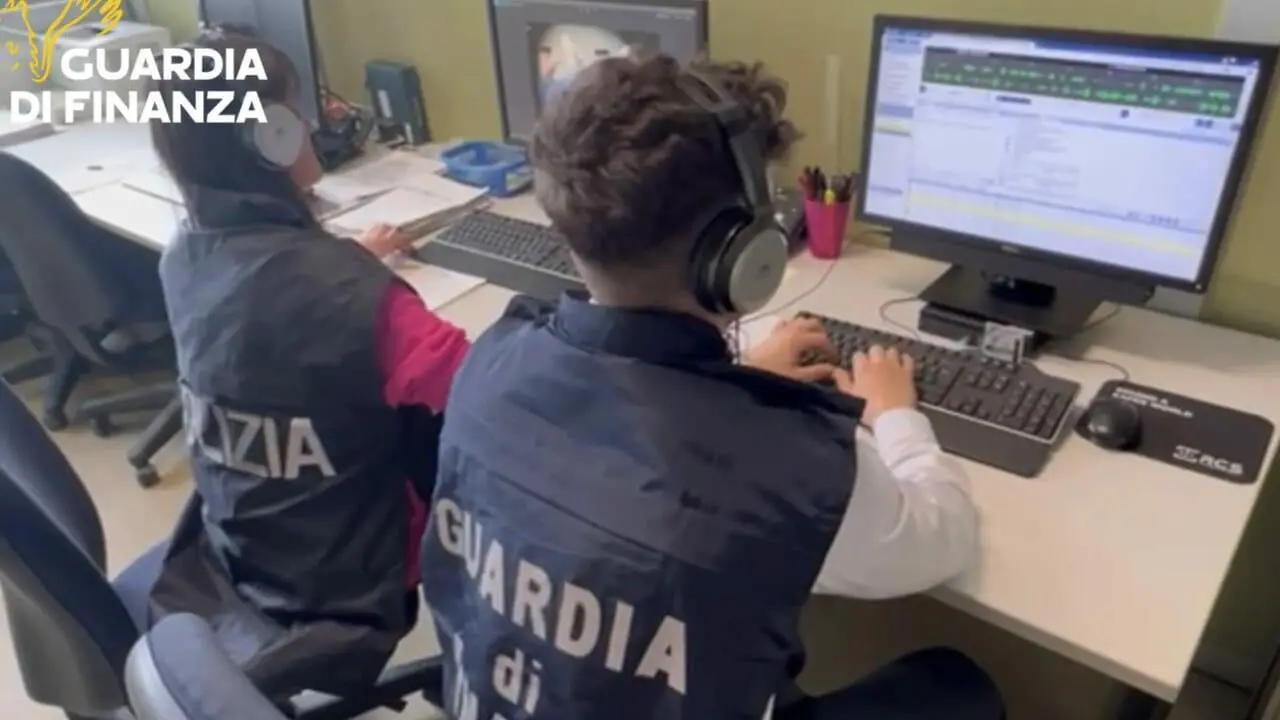 Il blitz della guardia di Finanza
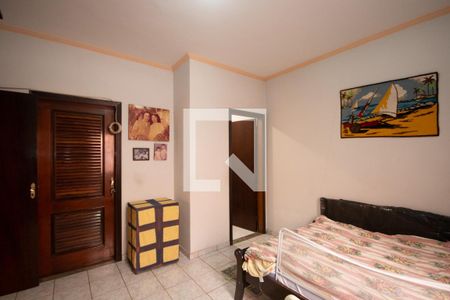 Casa à venda com 350m², 3 quartos e 3 vagasSuite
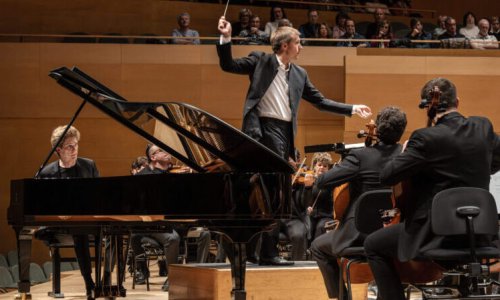 Jan Lisiecki y Vasily Petrenko visitan la OBC con Grieg y Zemlinsky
===
● **Your assignment**: With the pictures excluded, the line containing "Casa à venda" and every line after it through the end of the data above are to be transcribed exactly, and nothing more.

● **Solved problem**:
 Casa à venda com 350m², 3 quartos e 3 vagasSuite
 Jan Lisiecki y Vasily Petrenko visitan la OBC con Grieg y Zemlinsky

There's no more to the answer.